ログを取得することで、例えば不正通信の検知やパソコン端末の不正利用、業務と関連性のないサイト閲覧などをチェックすることができます。
そのほか、従業員のパソコンの利用状況を把握することで、労働時間が過度に長くなっていないかのチェックや、タイムカード打刻後のサービス残業や持ち帰りサービス残業など、勤務実態の調査なども実施できます。 ログを取得できれば、サイバー攻撃の対策だけでなく、業務効率化やコンプライアンスにも役立てることができます。
ログの種類
ここでは、改めてログにはどのような種類があるのか解説します。
操作ログ
操作ログとは、パソコンやスマートフォン等デバイス内の操作履歴を指します。 基本的なログの一つで、アプリケーションの操作、ファイルやフォルダの作成、移動、閲覧などもこの操作ログに含まれます。
通信ログ
パソコンとサーバ間の通信の履歴のこと。 どのような通信内容だったか、いつ開始され終了したか、どのパソコンとサーバ間で通信が行われたかといった内容を確認できます。
認証ログ
パソコンからシステムやネットワークへログインした履歴のこと。 認証ログでは、失敗の記録もされ、ログイン失敗が多いユーザーや業務時間外のログインが多いユーザーなどを要注意リストに入れ、動向を注視できます。 ブルートフォースアタック(総当たり攻撃)等のサイバー攻撃が行われた痕跡なども発見できます。
イベントログ
システムやアプリケーションで生じた現象・動作を記録するログ。 異常なイベント、ファイルへのアクセス、ログオン・ログオフなどの情報が各システムやアプリケーションごとに記録されます。
入退室ログ
その名の通り、特定の部屋への入室・退出記録のこと。 扉上部に設置されたセンサー、またはICカードなどからログを収集し、不正侵入や従業員の不審な動向などをチェックします。
印刷ログ
複合機などの使用履歴のこと。 印刷枚数、印刷したファイル名、印刷した日時などが詳細に記録されます。 社外持ち出しなど、社内からの情報漏えいなどの原因究明などに活用されます。
設定変更ログ
権限を持つ担当者がシステムやファイル・ファルダの設定を変更した際に記録されるログ。 Googleドライブの共有範囲の権限変更などの際に記録されるものも、この設定変更ログになります。
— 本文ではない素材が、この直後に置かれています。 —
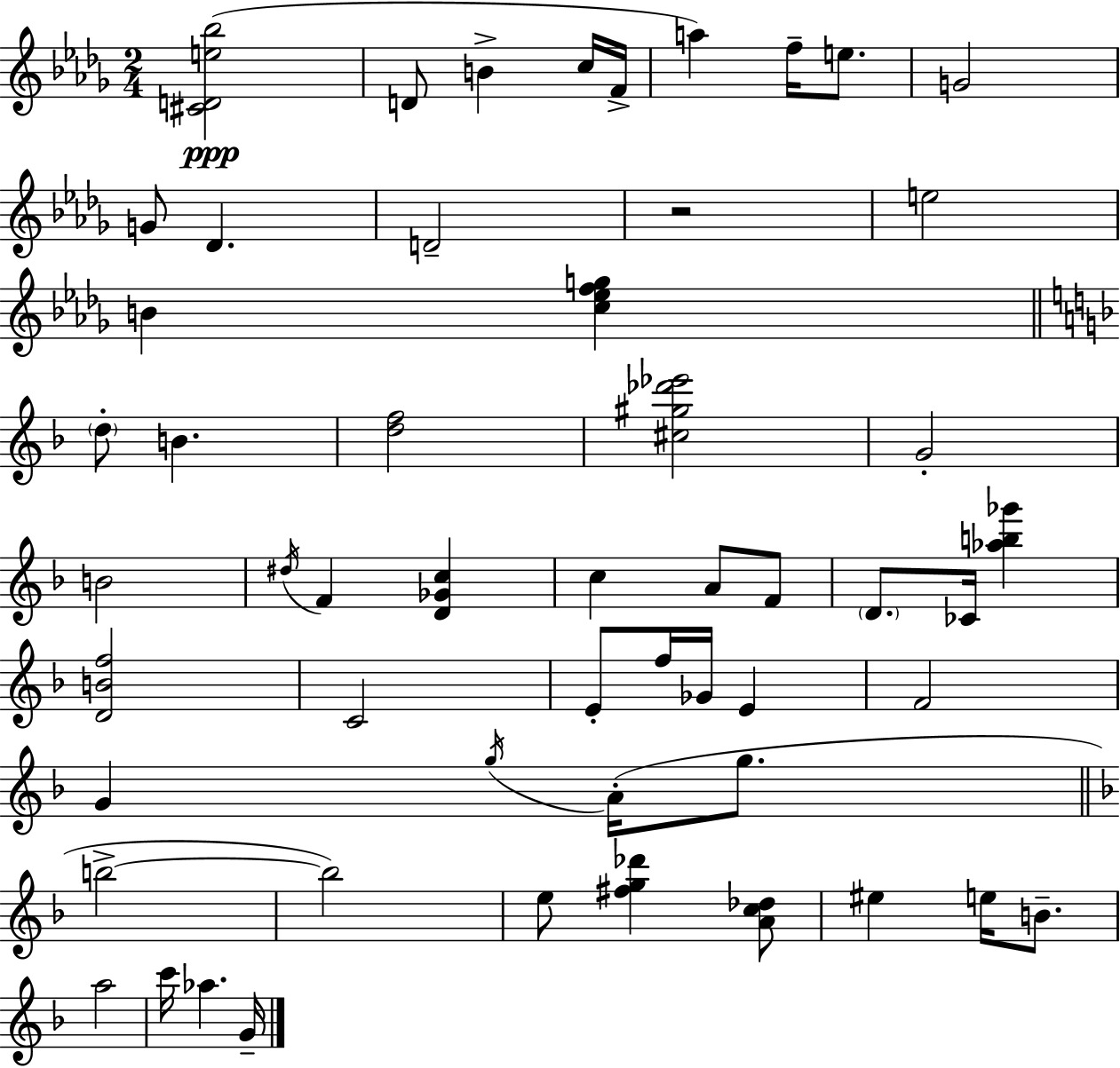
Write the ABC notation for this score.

X:1
T:Untitled
M:2/4
L:1/4
K:Bbm
[^CDe_b]2 D/2 B c/4 F/4 a f/4 e/2 G2 G/2 _D D2 z2 e2 B [c_efg] d/2 B [df]2 [^c^g_d'_e']2 G2 B2 ^d/4 F [D_Gc] c A/2 F/2 D/2 _C/4 [_ab_g'] [DBf]2 C2 E/2 f/4 _G/4 E F2 G g/4 A/4 g/2 b2 b2 e/2 [^fg_d'] [Ac_d]/2 ^e e/4 B/2 a2 c'/4 _a G/4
機密ファイルの持ち出しや改ざんなどの特定・追跡に活用されます。
エラーログ
パソコンのシステムやアプリケーション内で発生したエラーを記録するログ。 エラーの内容、エラーが発生した日時や発生原因などが記録されています。
統合ログ管理システムとは?
統合ログ管理システムとは、ファイアウォール、IPS/IDS、WAF、フィルタリングツール、プロキシサーバ、データベースといったサーバ機器やネットワーク機器にとどまらず、ありとあらゆるシステムやアプリケーションのログを収集し、管理・分析できる製品を言います。
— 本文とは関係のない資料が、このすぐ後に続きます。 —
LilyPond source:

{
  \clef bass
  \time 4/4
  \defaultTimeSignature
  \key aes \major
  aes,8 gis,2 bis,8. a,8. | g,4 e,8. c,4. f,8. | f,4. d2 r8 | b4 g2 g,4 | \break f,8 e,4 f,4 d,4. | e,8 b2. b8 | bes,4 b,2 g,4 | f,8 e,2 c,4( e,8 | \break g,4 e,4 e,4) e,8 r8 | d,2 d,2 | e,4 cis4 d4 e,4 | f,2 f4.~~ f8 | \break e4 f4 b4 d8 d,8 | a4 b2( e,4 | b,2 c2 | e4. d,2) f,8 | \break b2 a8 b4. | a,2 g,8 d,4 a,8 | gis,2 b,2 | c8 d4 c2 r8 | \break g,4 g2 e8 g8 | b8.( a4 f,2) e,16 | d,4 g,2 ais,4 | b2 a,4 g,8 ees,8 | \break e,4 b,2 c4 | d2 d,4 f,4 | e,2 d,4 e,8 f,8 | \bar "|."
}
代表的な製品としては、海外ではSplunk (スプランク)、Exabeam(エクサビーム)、国内だと、Logstorage(ログストレージ)、LogRevi(ログレビ)、MylogStar(マイログスター)、弊社が提供しているALog EVA(エーログ エヴァ)が挙げられます。 特に、Splunk (スプランク)は統合ログ管理の中で最も規模が大きく、アメリカではビッグデータの解析ツールとして認識されています。
統合ログ管理システムが普及した背景
統合ログ管理が注目されるようになったのは、2004年に成立した個人情報保護法や2008年の日本版SOX法を含む「金融商品取引法」の制定が大きく影響しています。
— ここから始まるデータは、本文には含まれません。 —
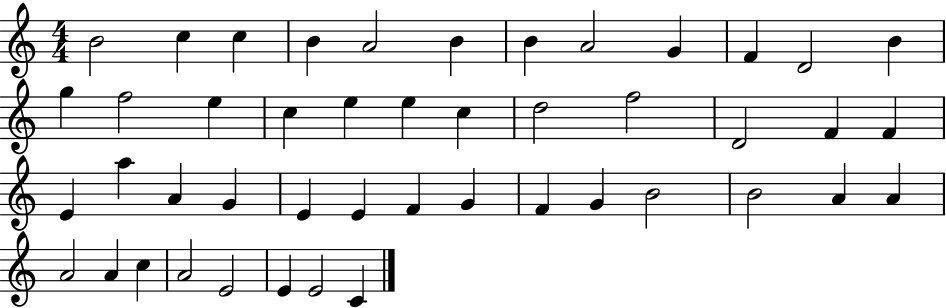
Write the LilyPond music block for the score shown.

特に、2004年はファイル共有ソフト「Winny」の開発者の逮捕やYahooBB!のADSL顧客情報流出を代表として、さまざまな企業で個人情報流出の問題が噴出しました。 ちょうどこの頃は、各社がEC通販サイトやメールマガジンを始めた時期ということもあり、情報流出において過去最悪の年となりました。 この頃から内部統制に対しての意識が厳格になりました。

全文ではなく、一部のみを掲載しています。